Task directions →
Transcribe the whole listing without a single picture.
*** Opening Raw data ***
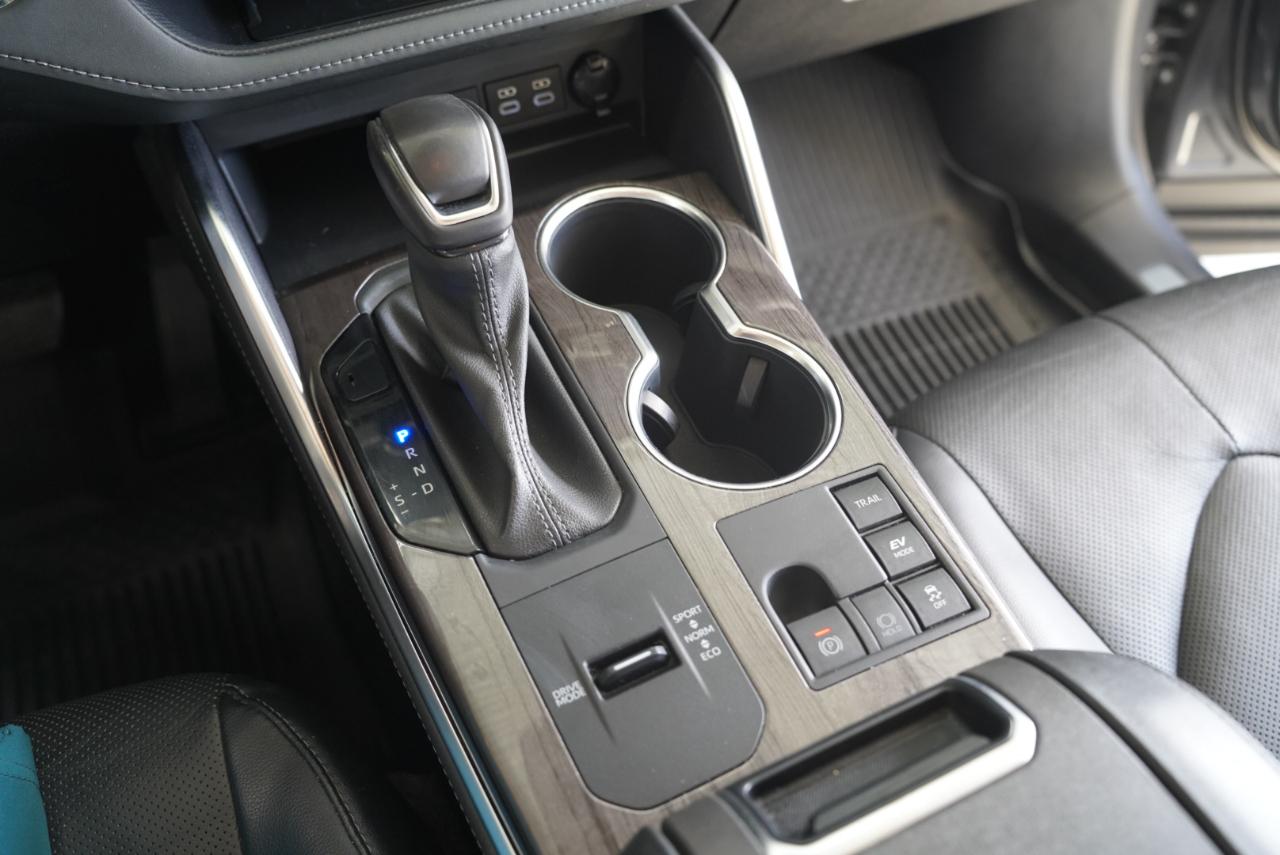 Toyota Highlander Hybrid Limited AWD (Natl) 2023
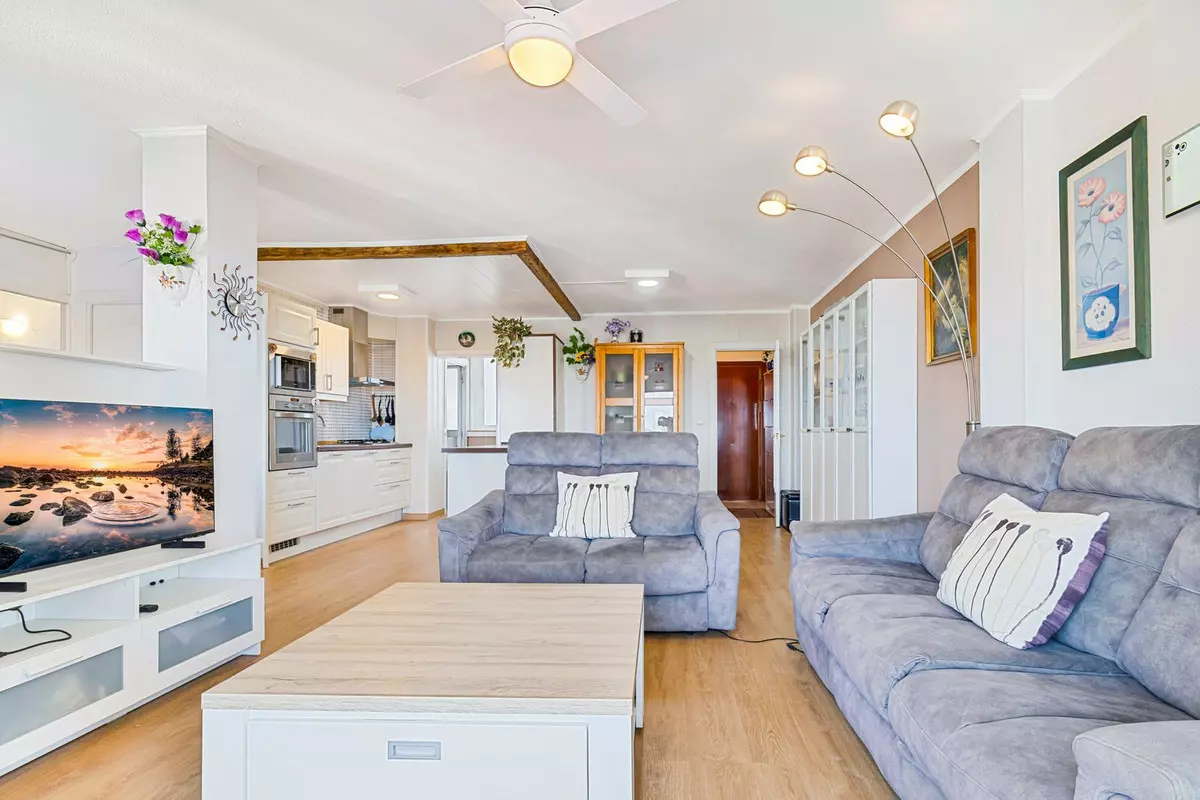 3-bedroom Apartment In Fuengirola, Spain (106 M²)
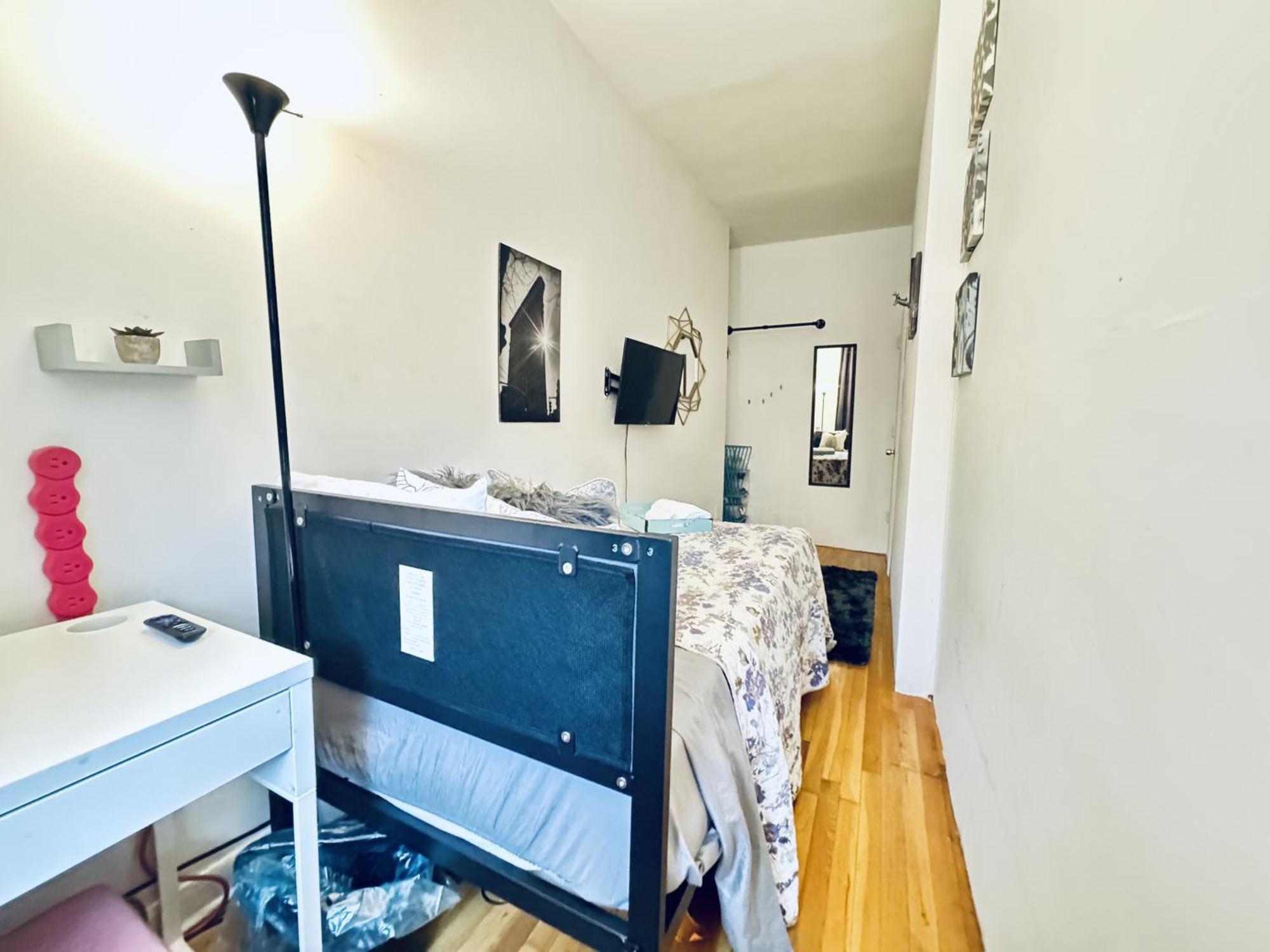 Long In Shared In Ues - Manhattan *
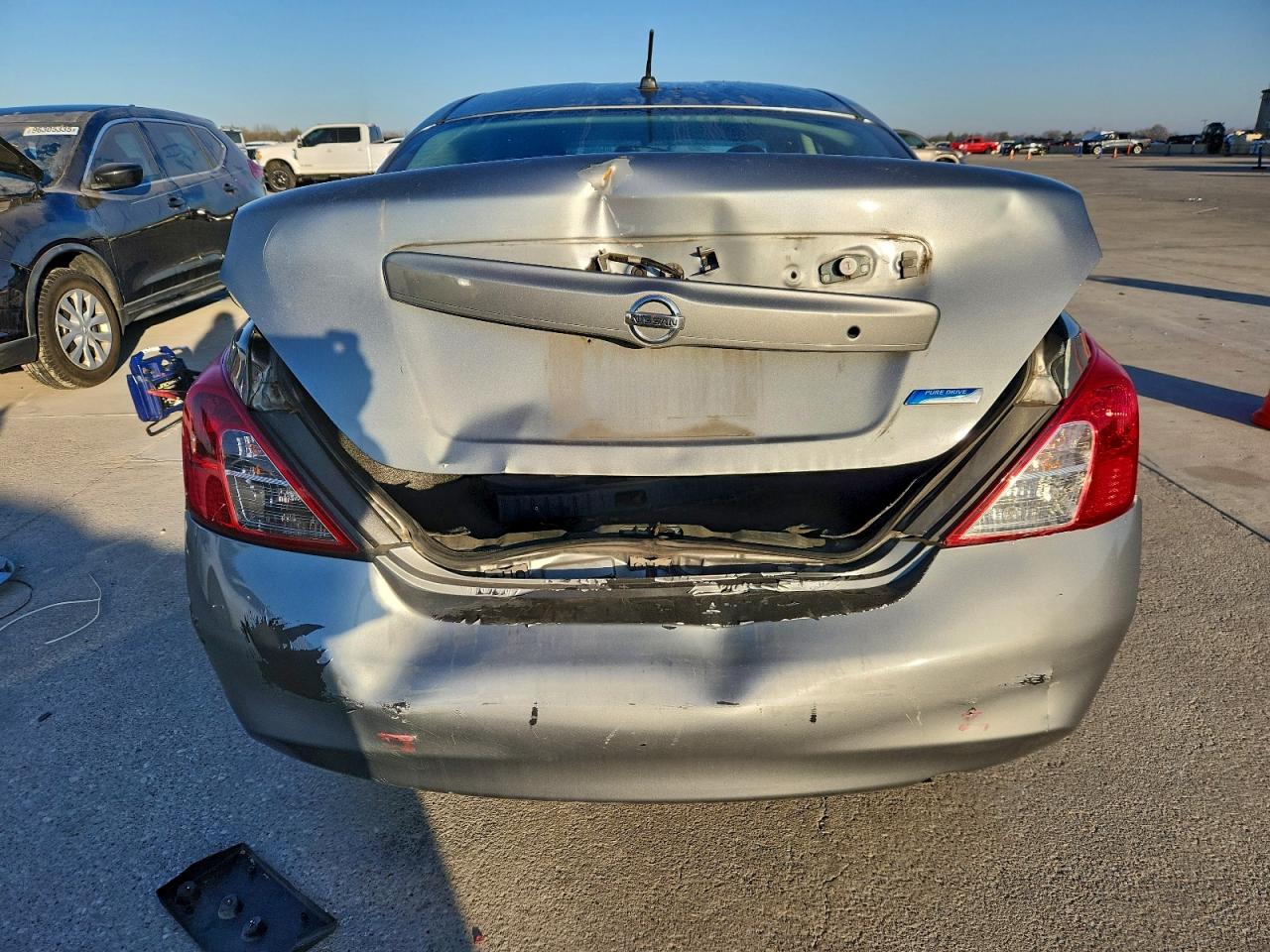 2012 NISSAN VERSA S photo 6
*** Closing Raw data ***
Solution for this problem →
 Toyota Highlander Hybrid Limited AWD (Natl) 2023
 3-bedroom Apartment In Fuengirola, Spain (106 M²)
 Long In Shared In Ues - Manhattan *
 2012 NISSAN VERSA S photo 6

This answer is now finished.